Dec. 18, 2019 07:55AM EST
Tuesday was Australia's
hottest day on record, according to preliminary results from the
country's Bureau of Meteorology (BOM). The country recorded an
average maximum temperature of 40.9 degrees Celsius, beating the previous
average of 40.3 degrees recorded on Jan. 7, 2013.
And that record could be
broken again this week as an unusually early extreme heat wave is
set to bake the whole country, The Washington Post's Capital Weather Gang reported.

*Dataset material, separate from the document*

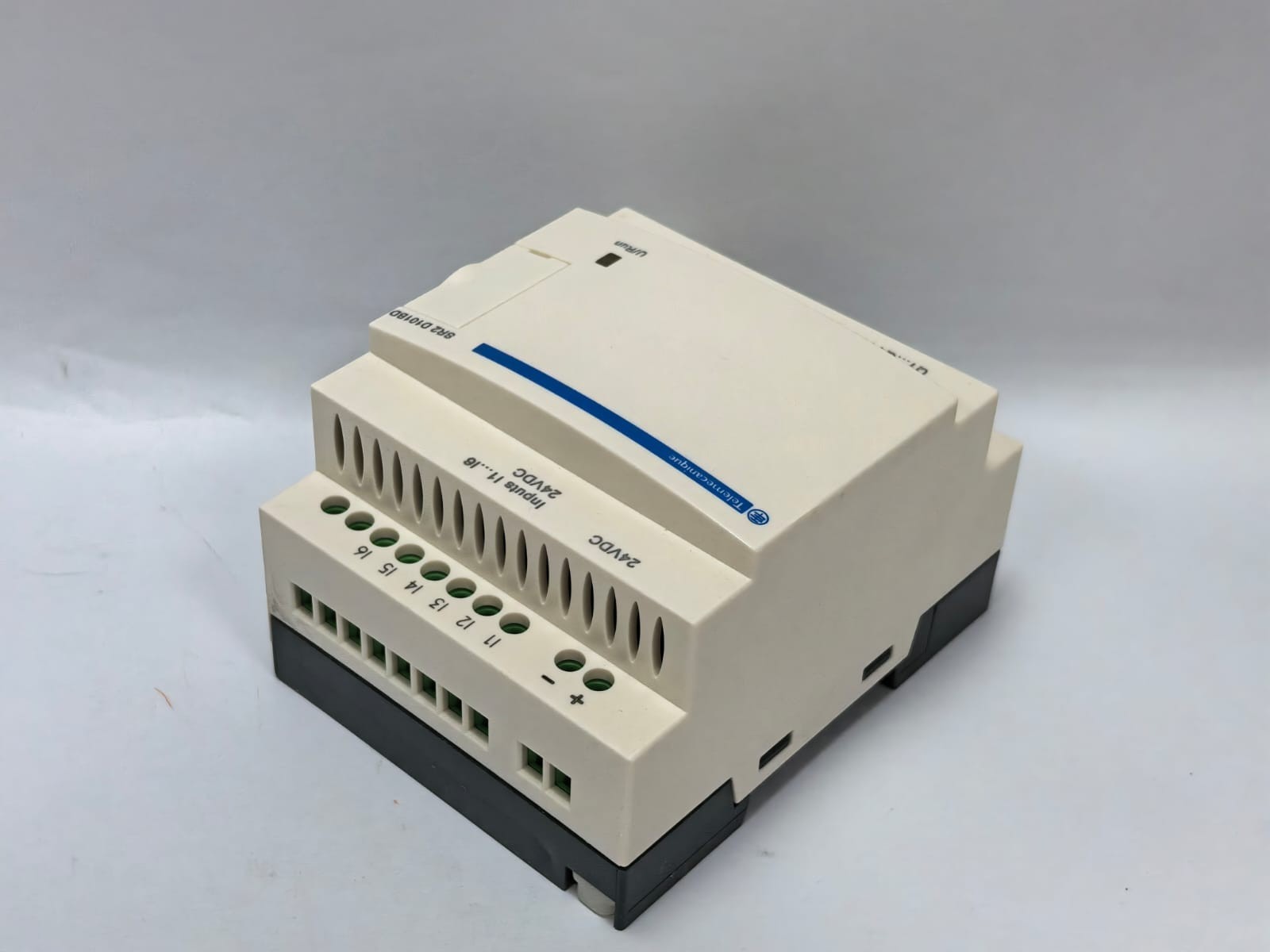 Telemecanique SR2 D101BD TELEMECANIQUE SR2 D101BD BASIC SMART RELAY SR2 10
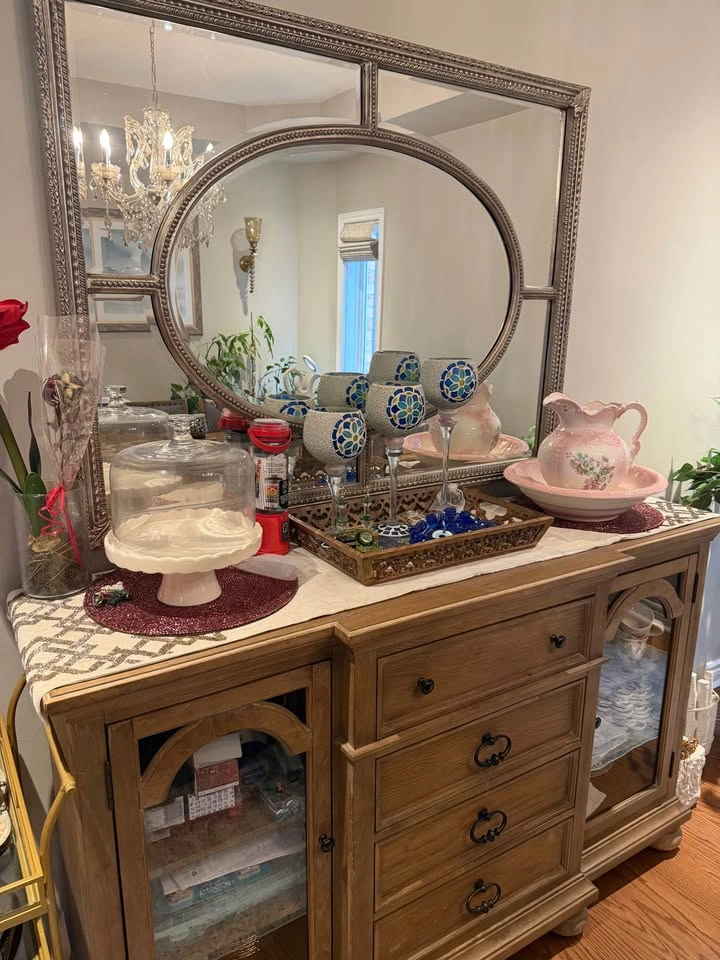 Buffet table from Ashley Furniture and Mirror - photo 3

Senior BOM climatologist Blair
Trewin said that temperatures Wednesday and Thursday could be a degree above
the 2013 record.
"[It's] a really extreme
event on a nationwide perspective," Trewin said, according to The
Washington Post.
Many different places in
Australia could break their December heat records, and parts of New South Wales
could break their overall heat records. Perth, in Western Australia, already
set a record when it recorded three 40-degree-Celsius days in a row for the
first time in December.
It got so hot in the city that
resident Stu Pengelly successfully cooked a 1.5 kilogram (approximately 3.3
pound) pork roast in an old car over a 10 hour period Friday, 7 News reported.
"It worked a treat!"
Pengelly said in a Facebook post.
But he also issued a warning.
"My warning is do not
leave anyone or anything precious to you in a hot car, not for a minute,"
he wrote.
Heat waves are the deadliest
Australian extreme weather event and they kill thousands more
people than bushfires or floods, BBC
News reported.
This week's heat could also
make another dangerous extreme weather event worse, according to The Washington
Post — the bushfires still raging in the states of New South
Wales, Queensland and Victoria.
"There are difficult
& dangerous fire conditions forecast over coming days," the New South
Wales Rural Fire Service said on Twitter, according to The Washington Post.
On Wednesday, BOM said that Australia had seen its highest levels of
fire weather danger during spring of 2019. More than 95 percent of the country
experienced above average fire danger as measured by the Forest Fire Danger
Index, and almost 60 percent broke fire danger records for the spring.
Both the record heat and the
record fire season are made more likely by the climate crisis.
September to November of 2019 marked Australia's driest and second warmest
spring on record, The Guardian reported.
Overall, Australia has warmed
by a little more than one degree Celsius since 1910, and nine of the country's
10 hottest years on record have taken place since 2005, BBC News reported. 2019
will likely be among the four hottest.
There is also an immediate,
more localized reason for the current heat wave, as BBC News explained:
The dominant climate driver behind the heat has been a positive Indian Ocean Dipole (IOD) - an event where sea surface temperatures are warmer in the western half of the ocean, cooler in the east.
The difference between the two temperatures is currently the strongest in 60 years. The warmer waters cause higher-than-average rains in the western Indian Ocean region, leading to flooding, and drier conditions across South East Asia and Australia.
But the climate crisis makes
natural shifts like this worse.
"Australia's climate is
increasingly influenced by global warning and natural variability takes place
on top of this background trend," BOM said, according to BBC News.
Climate change is also
influencing the IOD itself.
"While the IOD is a
natural mode of variability, its behaviour is changing in response to climate
change. Research suggests that the frequency of positive IOD events, and
particularly the occurrence of consecutive events will increase as global
temperatures rise," BOM said, according to The Washington Post.
Despite Australia's
susceptibility to climate change, it is also one of the leading emitters of
greenhouse gases per capita, according to BBC News. Prime Minister Scott
Morrison, who supports coal use, has been criticized for failing to adequately address the
climate crisis and the bushfires it has spawned.